◆ Materials provided ◆
%%

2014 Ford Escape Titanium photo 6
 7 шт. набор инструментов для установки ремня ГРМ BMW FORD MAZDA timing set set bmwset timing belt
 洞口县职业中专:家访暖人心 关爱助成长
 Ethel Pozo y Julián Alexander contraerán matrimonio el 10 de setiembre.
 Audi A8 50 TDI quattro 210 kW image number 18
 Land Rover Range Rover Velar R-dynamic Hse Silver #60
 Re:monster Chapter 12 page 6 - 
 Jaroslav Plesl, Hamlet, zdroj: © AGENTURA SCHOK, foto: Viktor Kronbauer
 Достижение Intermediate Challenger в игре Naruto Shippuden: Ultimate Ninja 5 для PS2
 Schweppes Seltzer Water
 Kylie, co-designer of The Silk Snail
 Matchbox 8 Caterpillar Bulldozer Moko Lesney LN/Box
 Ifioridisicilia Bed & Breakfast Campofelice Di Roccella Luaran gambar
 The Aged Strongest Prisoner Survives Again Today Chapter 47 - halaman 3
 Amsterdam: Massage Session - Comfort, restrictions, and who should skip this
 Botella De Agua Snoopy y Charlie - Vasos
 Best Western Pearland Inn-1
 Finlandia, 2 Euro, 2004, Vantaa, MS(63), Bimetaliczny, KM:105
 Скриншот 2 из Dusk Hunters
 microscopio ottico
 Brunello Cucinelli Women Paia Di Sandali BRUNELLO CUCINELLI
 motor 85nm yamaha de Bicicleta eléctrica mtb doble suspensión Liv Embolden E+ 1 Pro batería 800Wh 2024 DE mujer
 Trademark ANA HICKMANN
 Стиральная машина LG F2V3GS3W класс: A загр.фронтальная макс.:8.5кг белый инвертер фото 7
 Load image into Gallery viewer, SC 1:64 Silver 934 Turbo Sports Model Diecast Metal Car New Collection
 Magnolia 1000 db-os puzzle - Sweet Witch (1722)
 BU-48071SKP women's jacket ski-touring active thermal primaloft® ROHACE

%%

Your answer should be one number: how many lines in the material above contain the string "image".

2